President Trump’s outlandish UN speech was yet another national embarrassment, and his threat to ‘totally destroy’ another country verges on a war crime. And it’s not in our interest to do that anyway, so let’s start thinking practically about how we’re going to manage this mess.

My TNI essay below argues that we need to try to manage North Korea, rather than seek some final solution, because North Korea is persistent whether we like it or not, and because it is a nuclear weapons state whether we like it or not. That sucks. But I don’t see what other choice we have. Bombing North Korea is a terrible idea for reasons I’ve been saying all year on this website. Talking to North Korea and getting a real deal that they’ll stick to, like JCPOA, would great.
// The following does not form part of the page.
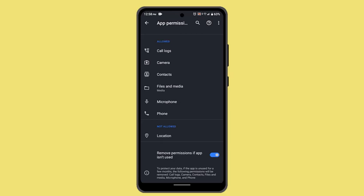You can also try verifying that the download folder exists on your device and is accessible. Sometimes the download folder may be deleted or inaccessible, which prevents Telegram from saving files there. You can create a new download folder if needed using your file manager.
But they flim-flam us so much, and so many hawks in the US and South Korea are unwilling to negotiate seriously with the North (remember that Congressional Republicans helped undercut the Agreed Framework; it wasn’t just Nork cheating which undid it), that I doubt talks will go anywhere. So we’re left muddling through. Did I say already that this sucks?

So what does ‘management’ mean? Recognizing that we can’t sole every problem as we want and that bad stuff we just have to live with, like NK nuclear weapons. They are lots of smaller things we can do – sanctions, going after NK money in Chinese banks, missile defense, pruning NK’s diplomatic/money-raising global network, continuing to bang away on China to take this more seriously, and so on. So please, can President Trump and Nicki Haley stop talking like Dr. Strangelove so that the rest of us can get back to the problem of what we can realistically do about North Korea?

The full essay follows the jump:

 

 

As this summer’s North Korea war crisis winds down, the only serious option for dealing with a nuclear missilized North Korea is re-emerging: adaptation. As Richard Hass, the president of the Council on Foreign Relations, put it: “Not every problem can be solved. Some can only be managed…It remains to be seen what can be done vis-à-vis North Korea. Managing such challenges may not be satisfying, but often it is the most that can be hoped for.” This is almost certainly correct.

Numerous treatments have established that the military options against North Korea are terrible. (Here is mine.) Steve Bannon openly admitted this on his way out of the White House: “There’s no military solution [to North Korea’s nuclear threats], forget it. Until somebody solves the part of the equation that shows me that ten million people in Seoul don’t die in the first 30 minutes from conventional weapons, I don’t know what you’re talking about, there’s no military solution here, they got us.” That 10 million number is exaggerated, but the basic problem Bannon taps – Seoul’s tremendous vulnerability, and the strict limitation that puts on kinetic choices – is well established. It is almost certainly the reason the US and South Korea have never yet struck North Korea despite decades of retaliation-worthy provocations. Decentralizing South Korea is a long overdue idea to loosen this constraint, but in the short- and medium-term, military options are, in fact, ‘off the table,’ no matter what Donald Trump says.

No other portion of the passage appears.